▶ WHAT IS NEEDED: From the line containing "Studenti iz Splita" through the end of the entries, please repeat every line exactly and nothing more; the pictures do not belong in the copy.

Caption-style text data
┄┄┄┄┄┄┄┄┄┄┄┄┄┄┄┄┄┄┄┄
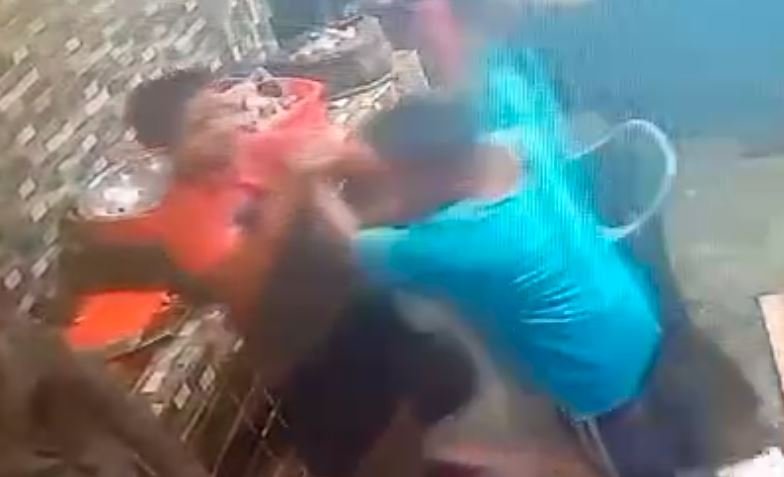 рмЦрнБрм▓рмормЦрнБрм▓рм╛ рмЧрнБрмгрнНрмбрм╛рмЧрм░рнНрмжрнНрмжрм┐рмжрнЛрмХрм╛рмирм░рнЗ рмкрм╢рм┐рм▓рм╛ рмЧрнНрм░рм╛рм╣рмХрмЩрнНрмХрнБ рм╣рм╛рмгрм┐рм▓рм╛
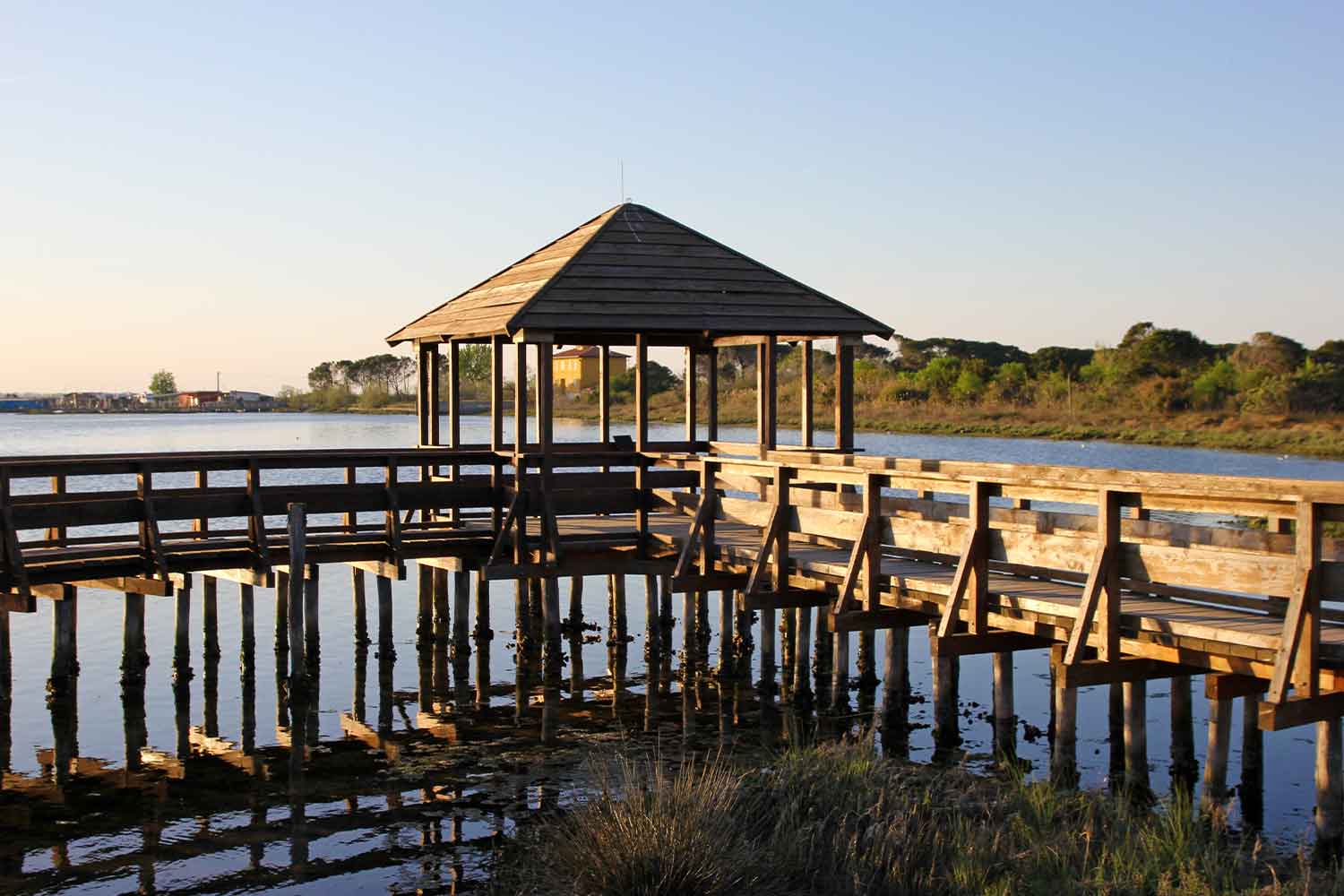 La passerella di Porto Caleri, sulla laguna veneta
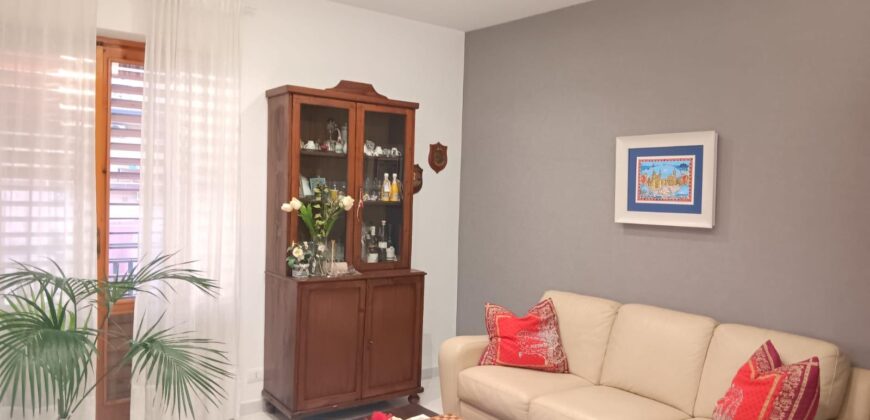 Santa Maria la Stella Appartamento con sottotetto abitabile, garage e posto auto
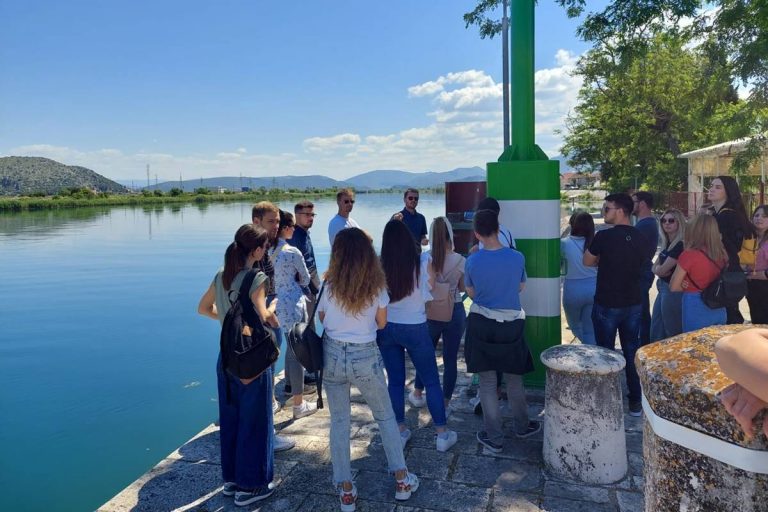 Studenti iz Splita posjetili dolinu Neretve i mjerne postaje u sklopu projekta MoST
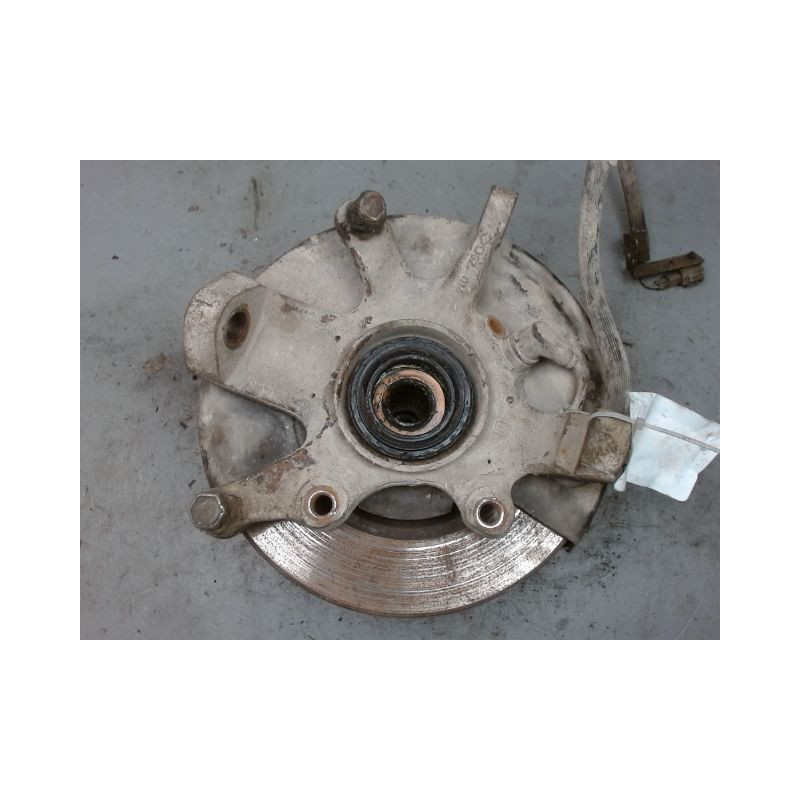 PIVOT AVANT DROIT NISSAN TERRANO II 99-2002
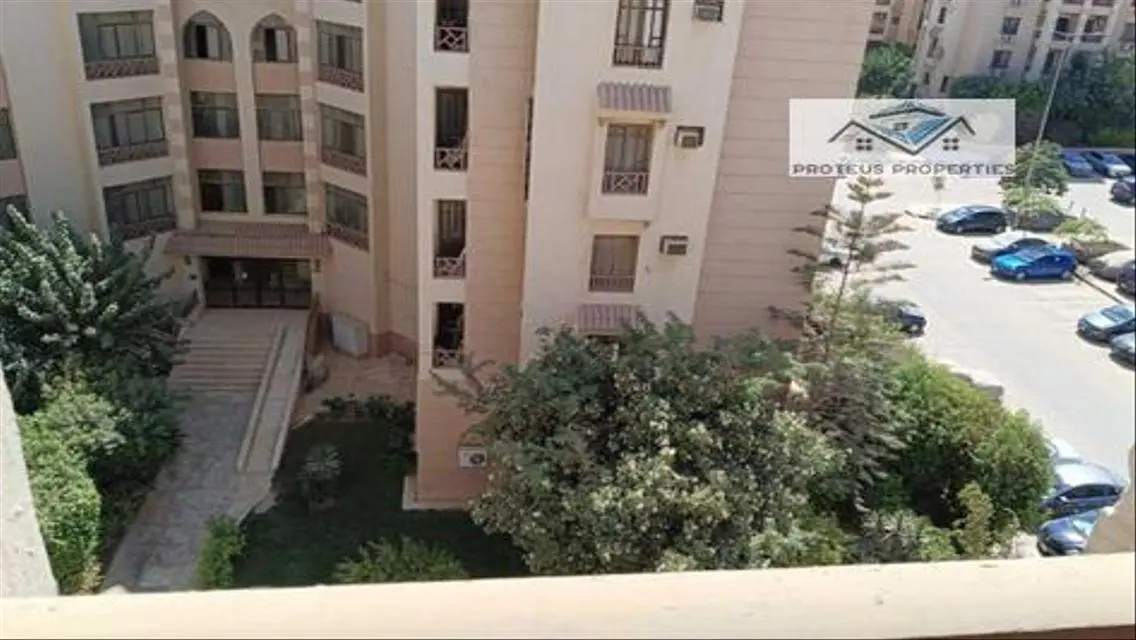 شقة رائعة للبيع بمساحة متر مع شرفة وميزات مذهلة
┄┄┄┄┄┄┄┄┄┄┄┄┄┄┄┄┄┄┄┄
▶ RESPONSE AREA:
 Studenti iz Splita posjetili dolinu Neretve i mjerne postaje u sklopu projekta MoST
 PIVOT AVANT DROIT NISSAN TERRANO II 99-2002
 شقة رائعة للبيع بمساحة متر مع شرفة وميزات مذهلة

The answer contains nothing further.